* Work instruction:
Everything from the line containing "Panda It's My" to the last line of the listing below, inclusive, is what you should output, exactly as it appears.

= = = = =

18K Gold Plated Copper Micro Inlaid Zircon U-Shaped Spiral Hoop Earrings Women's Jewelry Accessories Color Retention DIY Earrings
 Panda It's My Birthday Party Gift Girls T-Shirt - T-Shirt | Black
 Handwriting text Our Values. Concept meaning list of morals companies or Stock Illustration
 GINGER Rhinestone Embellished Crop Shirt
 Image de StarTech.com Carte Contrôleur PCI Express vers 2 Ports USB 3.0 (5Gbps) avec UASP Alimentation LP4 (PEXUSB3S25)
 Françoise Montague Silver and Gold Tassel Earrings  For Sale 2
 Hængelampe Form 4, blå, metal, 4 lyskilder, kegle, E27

= = = = =

* Response area:
 Panda It's My Birthday Party Gift Girls T-Shirt - T-Shirt | Black
 Handwriting text Our Values. Concept meaning list of morals companies or Stock Illustration
 GINGER Rhinestone Embellished Crop Shirt
 Image de StarTech.com Carte Contrôleur PCI Express vers 2 Ports USB 3.0 (5Gbps) avec UASP Alimentation LP4 (PEXUSB3S25)
 Françoise Montague Silver and Gold Tassel Earrings  For Sale 2
 Hængelampe Form 4, blå, metal, 4 lyskilder, kegle, E27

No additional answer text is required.